Pike on the prowl
For better or worse, America's first emissary on the Upper Mississippi set history into motion.
In 1805, while Lewis and Clark were making history on the Missouri River, another explorer was heading up the Mississippi.
Sent by a general who was a double agent for Spain, 26-year-old Lt. Zebulon Pike was assigned to find sites for forts, determine the source of the Mississippi, make peace between warring tribes and stop unlicensed British trade on land just acquired by the Americans.
He did find a fort site on 500-foot bluffs in Iowa, but it was scrapped for a more practical site across the river in Prairie du Chien, Wis.
He found the site that became Fort Snelling, though it already was well known to traders. He identified Leech Lake, rather than Itasca, as the source of the Mississippi.
He blithely mistreated both his men and their British hosts, and his whirlwind visit had little effect on the warring Dakota and Ojibwe. After he was gone, they and the British carried on business as usual.

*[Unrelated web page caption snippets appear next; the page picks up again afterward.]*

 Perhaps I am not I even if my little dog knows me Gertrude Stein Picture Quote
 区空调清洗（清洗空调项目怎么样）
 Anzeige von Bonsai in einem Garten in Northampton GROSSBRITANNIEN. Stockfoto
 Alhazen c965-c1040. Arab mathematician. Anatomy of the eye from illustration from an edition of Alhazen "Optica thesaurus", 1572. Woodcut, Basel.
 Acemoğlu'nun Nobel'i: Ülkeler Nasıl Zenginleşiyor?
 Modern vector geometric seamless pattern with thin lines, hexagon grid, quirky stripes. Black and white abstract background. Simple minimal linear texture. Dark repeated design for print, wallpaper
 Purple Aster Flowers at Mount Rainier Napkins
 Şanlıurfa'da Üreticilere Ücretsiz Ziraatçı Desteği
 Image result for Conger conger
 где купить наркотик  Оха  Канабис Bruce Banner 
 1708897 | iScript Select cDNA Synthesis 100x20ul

"He's no Lewis and Clark, I always say," said National Park Service ranger David Wiggins. "Sometimes, I call him the B-squad Lewis and Clark."
No one claims Zebulon Pike was a great man. But historically, his journals are important.
And as the first U.S. representative to set foot in Minnesota, Pike was a harbinger of what was to come.
"What got started then is still playing out now," Wiggins said. "It's also a fun story. It's not a tragedy; it's a comedy in a lot of ways."
Pretensions to greatness
Unlike Lewis and Clark, Pike wasn't on a voyage of discovery. The French and British had been trading on the Upper Mississippi for more than a century, and Pike had been preceded by Father Louis Hennepin and Jonathan Carver, both of whom wrote accounts of their travels that were widely read in America and Europe.
On Aug. 9, 1805, Pike started from St. Louis with a crew of 20 and a 70-foot keelboat that was just like Lewis and Clark's but wholly unsuitable for the shallow Mississippi.
"He liked being anointed into the ranks of Lewis and Clark," Wiggins said. "He was a puffed-up little popinjay who had all these pretensions to greatness."
They headed upriver, dragging the keelboat over sandbars. Pike waited for no one; near Muscatine, Iowa, he abandoned two soldiers who had volunteered to look for his lost dogs.
It was only with the help of a Scottish trader and a Fox chief that the men caught up to Pike eight days later in Dubuque, Iowa.
At Prairie du Chien, he traded the keelboat for barges. He recommended a fort be built on bluffs across the river, at what is now Pikes Peak State Park near McGregor, Iowa, but the fort was built instead on the flats of Prairie du Chien, a fur-trade hub for more than 50 years.
Just upriver, at the same spot where Black Hawk's band would be slaughtered by the cannons of a federal war boat 27 years later, Pike met the influential Dakota chief Wabasha, who gave him a ceremonial pipe to smooth his way among bands upriver.
St. Paul storyteller Duke Addicks speculated that Scottish trader James Aird put in a good word for Pike; it was one of numerous favors granted to Pike by those who stood to gain nothing under U.S. ownership.
"Had Pike not bumped into Aird, his trip would've been all different," said Addicks, who has portrayed Aird in historical presentations. "Though why he helped him, I don't know."
On Sugarloaf bluff in Winona, Minn., Pike makes a rare comment on the scenery — "a prospect so variegated and romantic that a man may scarcely expect to enjoy such a one but twice or thrice in the course of his life."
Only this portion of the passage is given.